Heritage Rose Garden
15 Jan, 2022 - Natasha West
Among the hidden treasures at Rookwood Cemetery are beautiful old roses, cared for by volunteers. For more than 150 years, people have been planting roses at the graves of loved ones. As the cemetery developed, many of them were being destroyed by herbicides and the clearing of grave sites.
With the help of Heritage Roses Australia, they were propagated and planted in the Rookwood Heritage Rose Garden, also called Barbara’s Garden to honour the woman who spearheaded the project to them.

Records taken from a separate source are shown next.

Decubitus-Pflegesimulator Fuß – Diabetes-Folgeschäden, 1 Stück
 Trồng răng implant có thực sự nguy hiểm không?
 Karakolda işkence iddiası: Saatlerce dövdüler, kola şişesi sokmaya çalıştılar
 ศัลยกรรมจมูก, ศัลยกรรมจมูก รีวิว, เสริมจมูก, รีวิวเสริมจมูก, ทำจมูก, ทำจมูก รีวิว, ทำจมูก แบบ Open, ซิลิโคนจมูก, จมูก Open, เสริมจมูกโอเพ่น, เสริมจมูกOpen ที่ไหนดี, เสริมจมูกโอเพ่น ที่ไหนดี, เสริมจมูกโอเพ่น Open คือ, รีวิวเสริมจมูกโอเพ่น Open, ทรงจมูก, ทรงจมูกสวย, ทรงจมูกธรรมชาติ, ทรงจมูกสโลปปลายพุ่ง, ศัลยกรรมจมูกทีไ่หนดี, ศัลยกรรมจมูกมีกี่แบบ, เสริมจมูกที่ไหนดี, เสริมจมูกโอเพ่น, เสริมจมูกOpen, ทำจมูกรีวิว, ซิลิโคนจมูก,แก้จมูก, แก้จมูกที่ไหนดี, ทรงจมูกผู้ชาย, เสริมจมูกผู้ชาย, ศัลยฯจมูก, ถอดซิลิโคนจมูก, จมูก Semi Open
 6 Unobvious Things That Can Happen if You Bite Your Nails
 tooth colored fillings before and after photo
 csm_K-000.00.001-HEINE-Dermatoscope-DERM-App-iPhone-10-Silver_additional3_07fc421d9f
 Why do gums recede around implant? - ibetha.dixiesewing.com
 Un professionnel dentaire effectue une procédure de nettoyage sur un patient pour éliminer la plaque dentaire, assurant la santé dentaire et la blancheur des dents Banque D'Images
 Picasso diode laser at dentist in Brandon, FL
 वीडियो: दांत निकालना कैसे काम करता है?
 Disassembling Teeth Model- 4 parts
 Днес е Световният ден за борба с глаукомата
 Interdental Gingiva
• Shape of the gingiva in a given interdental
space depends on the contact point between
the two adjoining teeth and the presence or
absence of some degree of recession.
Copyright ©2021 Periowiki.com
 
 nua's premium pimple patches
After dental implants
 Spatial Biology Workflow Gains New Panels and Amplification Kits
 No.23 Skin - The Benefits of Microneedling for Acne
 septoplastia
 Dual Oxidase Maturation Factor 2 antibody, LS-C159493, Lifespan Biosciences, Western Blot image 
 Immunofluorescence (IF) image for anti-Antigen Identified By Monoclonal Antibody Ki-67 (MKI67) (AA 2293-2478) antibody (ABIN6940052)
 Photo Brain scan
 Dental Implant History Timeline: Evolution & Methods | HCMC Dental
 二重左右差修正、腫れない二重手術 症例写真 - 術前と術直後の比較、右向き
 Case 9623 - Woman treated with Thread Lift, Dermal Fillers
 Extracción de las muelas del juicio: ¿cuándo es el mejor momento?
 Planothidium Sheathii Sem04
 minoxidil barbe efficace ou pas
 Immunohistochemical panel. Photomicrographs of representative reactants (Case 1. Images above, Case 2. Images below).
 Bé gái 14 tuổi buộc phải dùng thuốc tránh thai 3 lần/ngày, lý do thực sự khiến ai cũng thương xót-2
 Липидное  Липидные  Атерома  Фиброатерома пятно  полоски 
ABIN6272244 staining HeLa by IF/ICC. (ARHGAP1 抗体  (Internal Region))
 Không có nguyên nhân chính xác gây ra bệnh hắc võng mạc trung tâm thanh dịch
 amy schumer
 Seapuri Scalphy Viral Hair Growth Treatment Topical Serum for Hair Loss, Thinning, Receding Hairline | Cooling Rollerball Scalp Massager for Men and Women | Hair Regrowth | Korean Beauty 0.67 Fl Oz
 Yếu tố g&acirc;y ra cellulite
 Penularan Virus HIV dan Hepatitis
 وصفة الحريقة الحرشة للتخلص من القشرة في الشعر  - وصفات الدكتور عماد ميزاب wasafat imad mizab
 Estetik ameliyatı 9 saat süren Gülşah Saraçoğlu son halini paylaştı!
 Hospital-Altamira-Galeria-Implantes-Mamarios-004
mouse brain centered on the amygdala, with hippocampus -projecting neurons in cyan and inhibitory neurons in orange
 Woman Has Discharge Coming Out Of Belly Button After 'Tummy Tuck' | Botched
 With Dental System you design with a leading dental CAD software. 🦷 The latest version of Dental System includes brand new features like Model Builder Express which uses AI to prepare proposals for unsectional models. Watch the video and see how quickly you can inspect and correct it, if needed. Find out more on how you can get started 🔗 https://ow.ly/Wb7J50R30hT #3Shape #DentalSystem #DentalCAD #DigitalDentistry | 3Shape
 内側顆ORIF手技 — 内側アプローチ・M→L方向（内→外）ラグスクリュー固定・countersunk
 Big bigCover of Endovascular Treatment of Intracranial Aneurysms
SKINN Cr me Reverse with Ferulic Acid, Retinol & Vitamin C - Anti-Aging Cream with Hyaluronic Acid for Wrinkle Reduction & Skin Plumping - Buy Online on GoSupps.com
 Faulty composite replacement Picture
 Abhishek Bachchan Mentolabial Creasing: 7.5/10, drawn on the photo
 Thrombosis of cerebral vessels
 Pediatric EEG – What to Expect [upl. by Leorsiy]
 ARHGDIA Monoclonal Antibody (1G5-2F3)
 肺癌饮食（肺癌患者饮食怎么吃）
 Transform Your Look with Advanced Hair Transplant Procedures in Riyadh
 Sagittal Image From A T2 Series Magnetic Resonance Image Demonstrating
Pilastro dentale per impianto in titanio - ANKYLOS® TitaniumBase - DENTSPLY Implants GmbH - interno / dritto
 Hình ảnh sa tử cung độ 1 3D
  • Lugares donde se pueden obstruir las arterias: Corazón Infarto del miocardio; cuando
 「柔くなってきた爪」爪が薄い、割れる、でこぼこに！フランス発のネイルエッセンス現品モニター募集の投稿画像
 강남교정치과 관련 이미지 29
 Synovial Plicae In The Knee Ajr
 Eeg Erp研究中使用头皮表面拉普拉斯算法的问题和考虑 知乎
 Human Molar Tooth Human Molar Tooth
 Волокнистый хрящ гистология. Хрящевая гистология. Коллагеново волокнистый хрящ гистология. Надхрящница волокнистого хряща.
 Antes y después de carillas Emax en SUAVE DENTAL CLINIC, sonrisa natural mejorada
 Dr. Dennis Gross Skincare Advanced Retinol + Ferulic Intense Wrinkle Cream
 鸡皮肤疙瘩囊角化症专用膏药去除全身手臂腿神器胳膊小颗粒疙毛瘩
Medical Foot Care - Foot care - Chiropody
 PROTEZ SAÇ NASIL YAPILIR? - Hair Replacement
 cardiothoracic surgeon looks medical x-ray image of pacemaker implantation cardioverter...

Barbara's Garden is a living catalogue of low-maintenance, long-lived rosy beauties suitable for Sydney. The roses are only watered when it rains, fed every few years and are never sprayed.
The endangered roses are cared for by members of Heritage Roses Australia. As many of the roses propagated from old graves and have been officially identified, they are classified as “found roses” and are named after the grave where they were found. An example of this is the “Mrs Dudley Cross”, a tea rose from 1907.
Did you know that only 10% of the heritage varieties can be identified. Today, volunteers from Heritage Roses work regularly at Rookwood in order to maintain this garden and tend to these special roses. Many of the roses are in flower all year, but spring is the most popular time to visit when the rest of Rookwood is in bloom.